One manner of obtaining formation pressure-flow data and of analyzing this data is to perform a drill stem test which includes placing a bourdon tube pressure recording device in a test string which is lowered into the well in which the formation pressure is to be recorded. Attached to the bourdon tube is a marking stylus which scribes, in response to formation pressures sensed by the bourdon tube, a graph on a black-coated metal drill stem test chart which moves relative to the stylus. The resultant graph is a record of the pressure sensed by the bourdon tube as a function of time.
Once such a drill stem test chart has been marked at the drill site with a pressure graph, the chart is mailed to a company which provides the service of analyzing the graphic data contained on the chart. Such a company has skilled employees who manually read the chart and convert the graphic data into numerical form for mathematical manipulation by a computer or other calculating means. The computer or other calculating means translates the actual test data (i.e., the converted graphic data) into formation properties needed to guide the well operator's decision to complete, stimulate or abandon the formation. The translation occurs through the use of basic equations and formulas generally known in the reservoir evaluation art.
As the translation process occurs, and thereafter, an expert analyzes the information and prepares a written report containing the facts and the opinions of the expert which the well operator uses in formulating his opinion. Once the report is completed, it is mailed to the customer or well owner.
This manner of processing formation pressure data is time-consuming because mailing the chart to an analysis company, waiting for the analysis to be made, and receiving the report of the analysis by return mail takes several days. The manual reading of each pressure chart also consumes time and permits human error to occur because of the difficulty in accurately and consistently reading charts of the type produced by the aforementioned manner of recording formation pressure. These shortcomings of this type of system are critical because during the interim between the preparation of the formation pressure chart and the receipt of the report, the drilling operation ceases. This is costly because the per day expenses for a drilling rig and a crew can be thousands of dollars.
Another system for preparing and analyzing formation pressure charts includes the utilization of one or more experts in the field at the drilling site. These experts read the charts prepared with a bourdon tube pressure recording device and manually convert the graphic data into numerical form for entry into a computer or other calculating means located either at the drilling site or remotely therefrom.
A shortcoming of this system is the expense of having one or more experts maintained in the field. Additionally, there are not enough qualified experts to be retained on each site of all wells when it is necessary to prepare and analyze formation pressure charts. Still further, the manual conversion of the chart indicia into numerical format consumes time and permits human error to occur.
Still another system for recording formation pressure and for analyzing the pressure data includes real-time electronic sensing and encoding means placed in a downhole tool. Such means senses the pressure and converts it into numerical format for transmission to a computer electrically connected to the sensing and encoding means.
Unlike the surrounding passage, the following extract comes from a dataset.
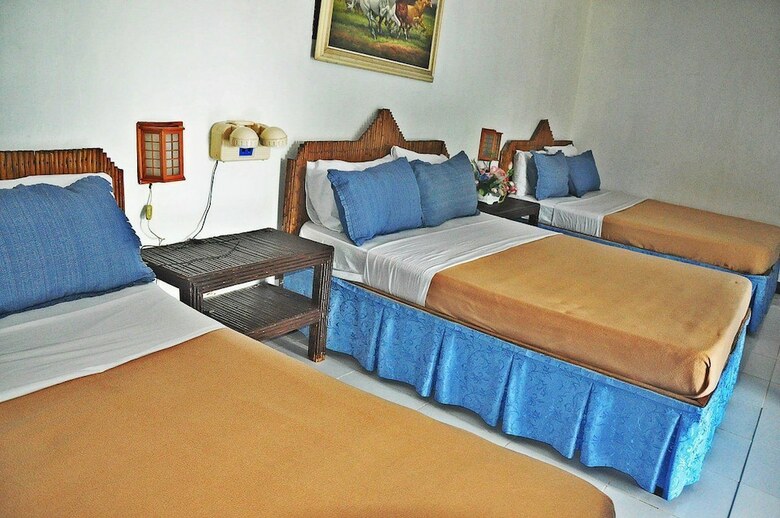 Hotel Heart Of D' Ocean Beach Resort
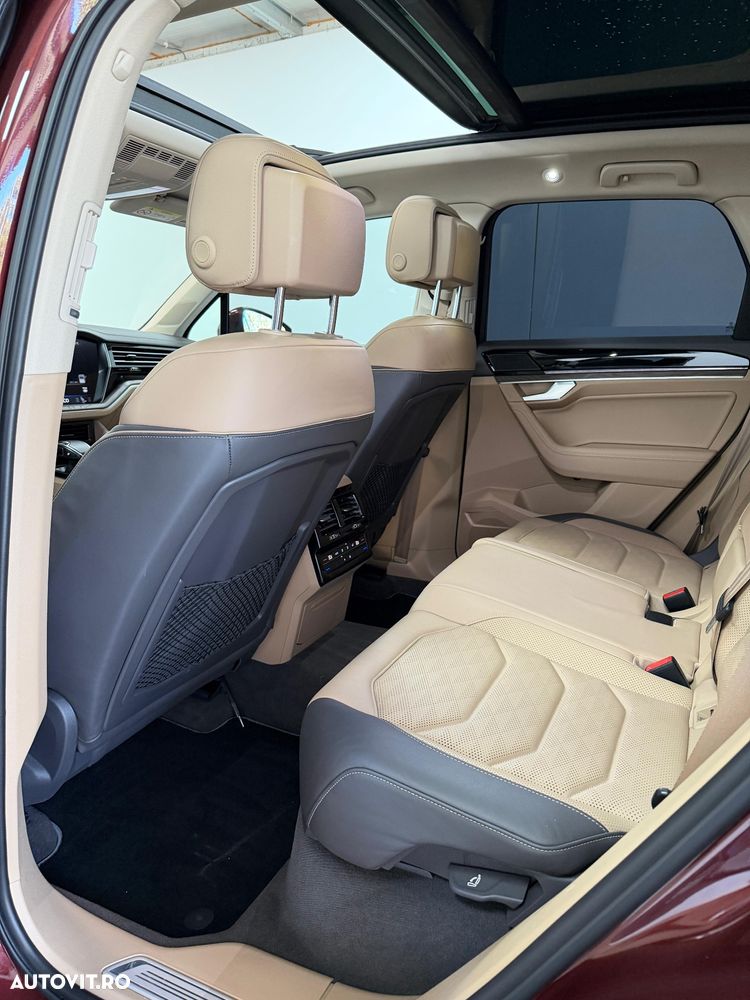 Volkswagen Touareg V6 TSI eHybrid PHEV Elegance - 18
Although such a system saves the time and expense of having an expert read and convert the chart from graphic format to numerical format, this third system is expensive because of the nature of the equipment necessary to construct the system. Additionally, to permit electrical communication between the downhole tool and the equipment located at the surface, a wireline must be run into the well. The presence of the wireline in the hole increases the hazard of blow-outs as known in the art. Still further, this third system is susceptible to malfunction in high temperature areas which are often encountered when making formation pressure recordings.
In view of the shortcomings of the aforementioned systems, there is the need for a system which can relatively quickly automatically convert graphic data (such as appears on a formation pressure chart) or other indicia into electrical signals for computerized numerical processing, which can relatively quickly transfer these signals from a field site at which the data are obtained to an analysis station for calculation and evaluation purposes so that delays through the mail are prevented, and which can prepare a report for transfer back to the field site.
To make such a system compatible with existing tools, such as a bourdon tube pressure recording device and the charts produced thereby, and to reduce the time and expense of having experts manually read the charts, the system should include means for automatically optically reading a chart (or other medium) having graphic or other data scribed or otherwise contained thereon.
It is to such an optical reading means that the present invention is directed. For the disclosure of an example of an overall system in which the present invention is contemplated to be used, reference can be made to the copending patent application of John E. Mosier, Jim B. Surjaatmadja, George B. McLawhon, and Jack C. Penn entitled DATA CONVERSION, COMMUNICATION AND ANALYSIS SYSTEM, U.S. patent application Ser. No. 355,317, filed Mar. 8, 1982, now U.S. Pat. No. 4,531,189.